Deuxième demande : que les plateformes musicales mettent en place des procédés techniques permettant de vérifier l’origine humaine des morceaux uploadés. Car oui, la statistique est vertigineuse : déjà 30 % des musiques mises en ligne seraient générées par IA.
Troisième arme, et pas des moindres : le désabonnement massif. Si dans les prochains mois ces garanties ne sont pas mises en place, le philosophe invite le public à se désabonner en masse des plateformes qui refuseraient de jouer la transparence.

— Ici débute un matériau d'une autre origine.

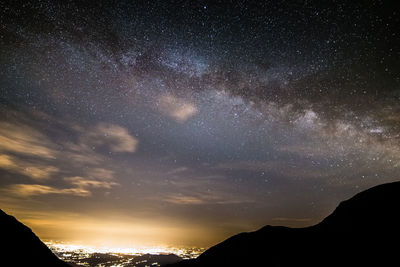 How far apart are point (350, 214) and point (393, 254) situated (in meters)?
11.9

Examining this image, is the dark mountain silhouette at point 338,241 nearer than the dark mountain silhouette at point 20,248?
Yes

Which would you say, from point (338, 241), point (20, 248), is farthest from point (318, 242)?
point (20, 248)

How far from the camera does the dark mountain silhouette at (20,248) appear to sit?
110ft

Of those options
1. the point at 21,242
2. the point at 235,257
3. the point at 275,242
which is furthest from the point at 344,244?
the point at 21,242

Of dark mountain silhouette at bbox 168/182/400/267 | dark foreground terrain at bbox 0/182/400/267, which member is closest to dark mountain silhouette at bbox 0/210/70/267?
dark foreground terrain at bbox 0/182/400/267

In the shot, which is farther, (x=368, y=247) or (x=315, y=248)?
(x=315, y=248)

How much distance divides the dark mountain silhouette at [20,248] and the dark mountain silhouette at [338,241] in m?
23.1

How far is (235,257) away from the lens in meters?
39.7

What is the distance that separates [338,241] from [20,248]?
152 ft

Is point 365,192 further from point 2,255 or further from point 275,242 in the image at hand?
point 2,255

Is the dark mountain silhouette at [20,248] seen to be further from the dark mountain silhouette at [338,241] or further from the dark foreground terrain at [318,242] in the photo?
the dark mountain silhouette at [338,241]

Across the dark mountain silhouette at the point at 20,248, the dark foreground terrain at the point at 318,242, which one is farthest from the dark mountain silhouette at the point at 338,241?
the dark mountain silhouette at the point at 20,248

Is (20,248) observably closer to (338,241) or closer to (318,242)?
(318,242)

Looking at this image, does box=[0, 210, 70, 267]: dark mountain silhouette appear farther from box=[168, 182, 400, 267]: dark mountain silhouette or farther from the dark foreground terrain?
box=[168, 182, 400, 267]: dark mountain silhouette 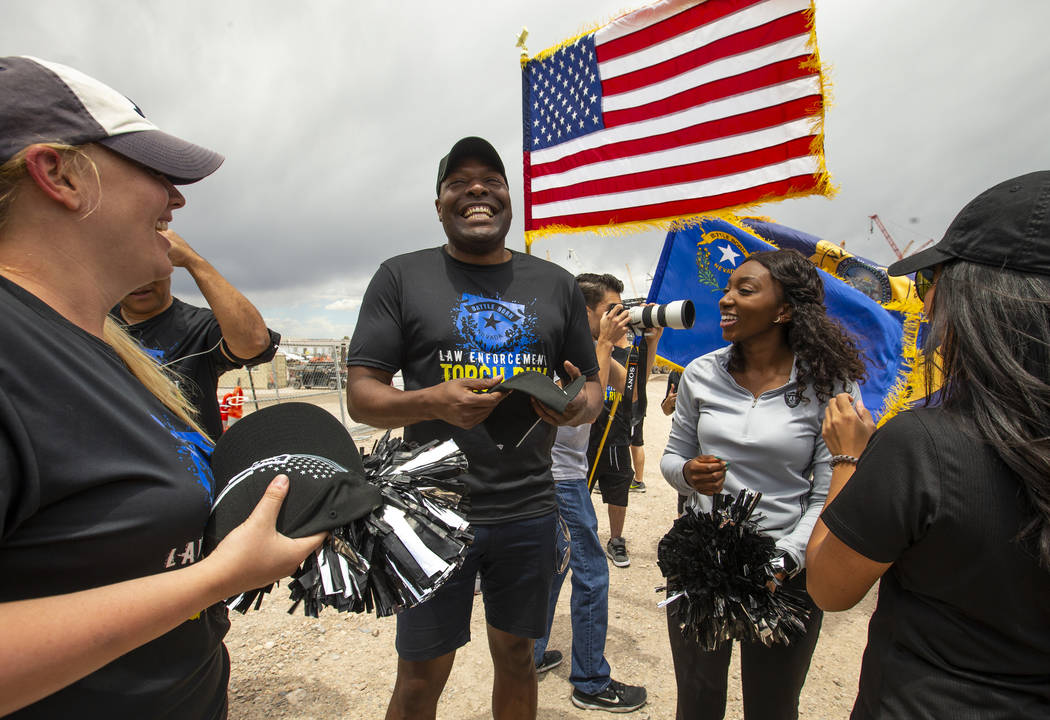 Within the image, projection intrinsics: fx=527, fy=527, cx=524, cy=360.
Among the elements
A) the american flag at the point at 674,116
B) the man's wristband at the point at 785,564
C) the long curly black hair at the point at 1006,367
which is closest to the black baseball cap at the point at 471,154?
the long curly black hair at the point at 1006,367

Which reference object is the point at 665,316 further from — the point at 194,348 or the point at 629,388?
the point at 194,348

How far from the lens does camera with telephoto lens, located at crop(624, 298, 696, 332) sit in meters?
2.99

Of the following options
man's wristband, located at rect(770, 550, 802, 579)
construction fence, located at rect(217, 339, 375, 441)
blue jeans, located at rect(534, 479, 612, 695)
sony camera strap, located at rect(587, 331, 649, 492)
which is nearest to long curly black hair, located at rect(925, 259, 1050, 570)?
man's wristband, located at rect(770, 550, 802, 579)

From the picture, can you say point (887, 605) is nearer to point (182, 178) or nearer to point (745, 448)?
point (745, 448)

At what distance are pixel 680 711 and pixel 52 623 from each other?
7.00 ft

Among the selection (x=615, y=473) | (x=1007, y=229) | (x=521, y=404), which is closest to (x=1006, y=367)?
(x=1007, y=229)

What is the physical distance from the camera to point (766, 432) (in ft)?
6.88

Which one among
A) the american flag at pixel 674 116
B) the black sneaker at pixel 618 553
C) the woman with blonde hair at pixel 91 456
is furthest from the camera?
the black sneaker at pixel 618 553

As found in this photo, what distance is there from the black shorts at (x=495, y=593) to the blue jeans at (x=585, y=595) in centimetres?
72

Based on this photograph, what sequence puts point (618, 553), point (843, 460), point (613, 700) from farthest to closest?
1. point (618, 553)
2. point (613, 700)
3. point (843, 460)

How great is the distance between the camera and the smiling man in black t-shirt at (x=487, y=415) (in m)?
1.93

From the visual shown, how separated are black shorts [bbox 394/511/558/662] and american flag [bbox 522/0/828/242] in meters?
3.24

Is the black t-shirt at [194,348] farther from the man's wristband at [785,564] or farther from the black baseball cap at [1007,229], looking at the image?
the black baseball cap at [1007,229]

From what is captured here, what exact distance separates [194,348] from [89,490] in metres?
1.80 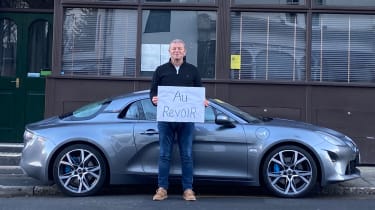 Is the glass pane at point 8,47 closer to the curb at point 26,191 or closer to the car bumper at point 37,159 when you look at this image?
the curb at point 26,191

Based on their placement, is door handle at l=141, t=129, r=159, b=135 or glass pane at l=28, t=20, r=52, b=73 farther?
glass pane at l=28, t=20, r=52, b=73

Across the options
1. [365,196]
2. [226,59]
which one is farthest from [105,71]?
[365,196]

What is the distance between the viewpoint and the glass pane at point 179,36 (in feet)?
36.0

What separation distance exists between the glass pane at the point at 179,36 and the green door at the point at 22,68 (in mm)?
1953

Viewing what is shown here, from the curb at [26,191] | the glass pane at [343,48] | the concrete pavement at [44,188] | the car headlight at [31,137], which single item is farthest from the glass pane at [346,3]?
the curb at [26,191]

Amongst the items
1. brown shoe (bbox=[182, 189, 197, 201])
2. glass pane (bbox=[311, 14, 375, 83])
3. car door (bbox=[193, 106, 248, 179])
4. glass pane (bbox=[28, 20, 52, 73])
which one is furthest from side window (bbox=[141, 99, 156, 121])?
glass pane (bbox=[28, 20, 52, 73])

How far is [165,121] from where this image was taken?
759 centimetres

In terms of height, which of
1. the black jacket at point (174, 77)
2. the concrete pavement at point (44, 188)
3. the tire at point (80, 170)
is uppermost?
the black jacket at point (174, 77)

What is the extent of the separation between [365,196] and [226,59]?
3707 mm

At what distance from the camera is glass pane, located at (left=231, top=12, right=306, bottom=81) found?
35.6 ft

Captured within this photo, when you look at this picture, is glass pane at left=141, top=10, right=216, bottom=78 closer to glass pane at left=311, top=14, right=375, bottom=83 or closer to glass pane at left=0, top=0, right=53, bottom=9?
glass pane at left=311, top=14, right=375, bottom=83

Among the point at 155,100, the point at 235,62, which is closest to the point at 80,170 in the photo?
the point at 155,100

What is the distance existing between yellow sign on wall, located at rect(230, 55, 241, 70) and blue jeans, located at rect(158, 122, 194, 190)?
3.42 metres

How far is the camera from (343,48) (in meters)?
10.8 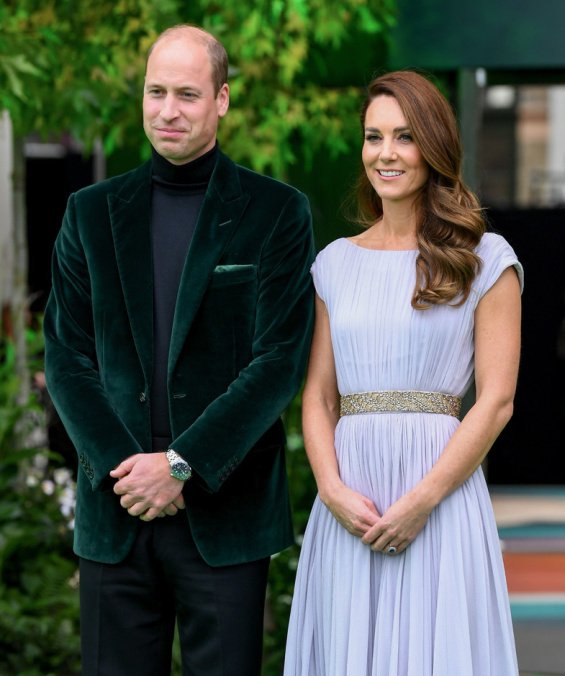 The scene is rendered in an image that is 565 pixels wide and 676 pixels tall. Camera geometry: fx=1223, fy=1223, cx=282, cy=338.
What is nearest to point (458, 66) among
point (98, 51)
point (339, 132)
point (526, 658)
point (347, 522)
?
point (339, 132)

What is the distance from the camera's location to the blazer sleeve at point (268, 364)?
2.91 metres

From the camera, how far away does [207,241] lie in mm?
3006

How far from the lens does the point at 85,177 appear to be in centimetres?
828

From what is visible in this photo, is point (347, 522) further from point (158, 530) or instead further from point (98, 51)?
point (98, 51)

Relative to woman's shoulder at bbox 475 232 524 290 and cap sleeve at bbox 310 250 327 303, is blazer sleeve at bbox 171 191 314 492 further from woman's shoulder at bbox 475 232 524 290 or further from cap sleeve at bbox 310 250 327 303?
woman's shoulder at bbox 475 232 524 290

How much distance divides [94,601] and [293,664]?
55cm

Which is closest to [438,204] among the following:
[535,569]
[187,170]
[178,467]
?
[187,170]

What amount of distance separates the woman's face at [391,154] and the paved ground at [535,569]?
110 inches

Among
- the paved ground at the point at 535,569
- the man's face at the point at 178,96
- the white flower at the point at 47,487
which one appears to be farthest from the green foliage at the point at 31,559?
the man's face at the point at 178,96

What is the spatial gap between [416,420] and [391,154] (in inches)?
26.1

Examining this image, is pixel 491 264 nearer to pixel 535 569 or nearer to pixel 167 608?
pixel 167 608

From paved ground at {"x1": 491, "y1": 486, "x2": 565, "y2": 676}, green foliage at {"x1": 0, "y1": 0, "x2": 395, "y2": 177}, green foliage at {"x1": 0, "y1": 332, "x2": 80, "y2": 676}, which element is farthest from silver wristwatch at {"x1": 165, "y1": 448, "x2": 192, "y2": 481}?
paved ground at {"x1": 491, "y1": 486, "x2": 565, "y2": 676}

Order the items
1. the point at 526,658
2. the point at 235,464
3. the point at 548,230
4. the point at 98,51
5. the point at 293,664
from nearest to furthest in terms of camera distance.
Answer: the point at 235,464, the point at 293,664, the point at 98,51, the point at 526,658, the point at 548,230

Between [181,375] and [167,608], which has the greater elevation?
[181,375] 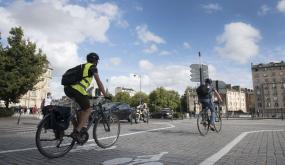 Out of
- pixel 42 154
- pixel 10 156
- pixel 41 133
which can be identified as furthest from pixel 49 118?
pixel 10 156

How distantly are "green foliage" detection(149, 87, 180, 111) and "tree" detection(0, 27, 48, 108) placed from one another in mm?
89816

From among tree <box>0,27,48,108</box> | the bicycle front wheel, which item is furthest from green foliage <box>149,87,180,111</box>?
the bicycle front wheel

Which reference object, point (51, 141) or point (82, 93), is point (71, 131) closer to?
point (51, 141)

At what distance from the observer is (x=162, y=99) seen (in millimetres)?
128875

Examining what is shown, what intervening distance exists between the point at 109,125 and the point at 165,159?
217 centimetres

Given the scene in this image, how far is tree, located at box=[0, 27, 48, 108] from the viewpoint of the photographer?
115 ft

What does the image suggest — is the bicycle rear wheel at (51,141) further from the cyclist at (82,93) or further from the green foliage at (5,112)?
the green foliage at (5,112)

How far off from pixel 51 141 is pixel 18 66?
33.7m

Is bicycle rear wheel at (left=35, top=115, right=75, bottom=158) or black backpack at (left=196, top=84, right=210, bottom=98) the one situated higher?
black backpack at (left=196, top=84, right=210, bottom=98)

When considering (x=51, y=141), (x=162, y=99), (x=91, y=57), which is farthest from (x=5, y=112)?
(x=162, y=99)

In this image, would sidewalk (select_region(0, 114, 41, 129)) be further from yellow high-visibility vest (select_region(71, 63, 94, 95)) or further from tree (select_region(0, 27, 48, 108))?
yellow high-visibility vest (select_region(71, 63, 94, 95))

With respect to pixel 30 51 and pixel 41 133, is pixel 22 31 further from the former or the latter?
pixel 41 133

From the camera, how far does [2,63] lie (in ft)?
116

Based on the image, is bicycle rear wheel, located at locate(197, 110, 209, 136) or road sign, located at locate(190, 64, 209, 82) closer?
bicycle rear wheel, located at locate(197, 110, 209, 136) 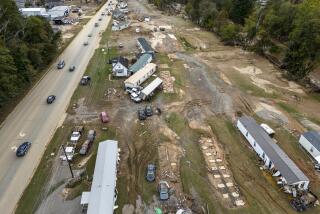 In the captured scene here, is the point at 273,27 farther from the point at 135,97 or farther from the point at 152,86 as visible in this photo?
the point at 135,97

« Il faut entrer dans une logique du refus. »
Eric Sadin
Pourquoi maintenant ? L’urgence absolue
Le temps presse. Chaque mois qui passe voit les outils d’IA générative devenir plus performants, plus accessibles, plus intégrés dans les processus de création. Bientôt, il sera peut-être impossible de faire machine arrière.
Les institutions se mettent en place, les habitudes se prennent, les jeunes générations grandissent en considérant normal qu’une machine écrive mieux qu’un humain. C’est cette normalisation progressive que Eric Sadin veut briser.
Il ne s’agit pas de rejeter toute technologie, mais de refuser qu’elle remplace l’humain là où l’humain est irremplaçable : dans la création, dans l’expression de ce qui nous rend uniques.
Et nous, que pouvons-nous faire ?
La question nous concerne tous. Sommes-nous prêts à accepter que nos enfants lisent majoritairement des livres écrits par des algorithmes ? À ce que les chansons qui nous font pleurer soient composées par des machines qui n’ont jamais pleuré ?
Eric Sadin nous place devant nos responsabilités. Son discours n’est pas seulement une critique : c’est une invitation à l’action. Une invitation à choisir quel monde nous voulons léguer.
Dans les mois qui viennent, nous verrons si les éditeurs, les plateformes, les artistes, et surtout le public, sont prêts à entendre cet appel. Ou si nous laisserons, par indifférence ou résignation, l’IA générative devenir la norme culturelle de demain.
Une chose est sûre : le silence, aujourd’hui, serait une forme de consentement.
Le combat civilisationnel dont parle Eric Sadin ne se jouera pas dans les laboratoires ou les conseils d’administration. Il se jouera dans nos choix quotidiens : ce que nous lisons, ce que nous écoutons, ce que nous valorisons.
Et peut-être, finalement, dans notre capacité à dire non.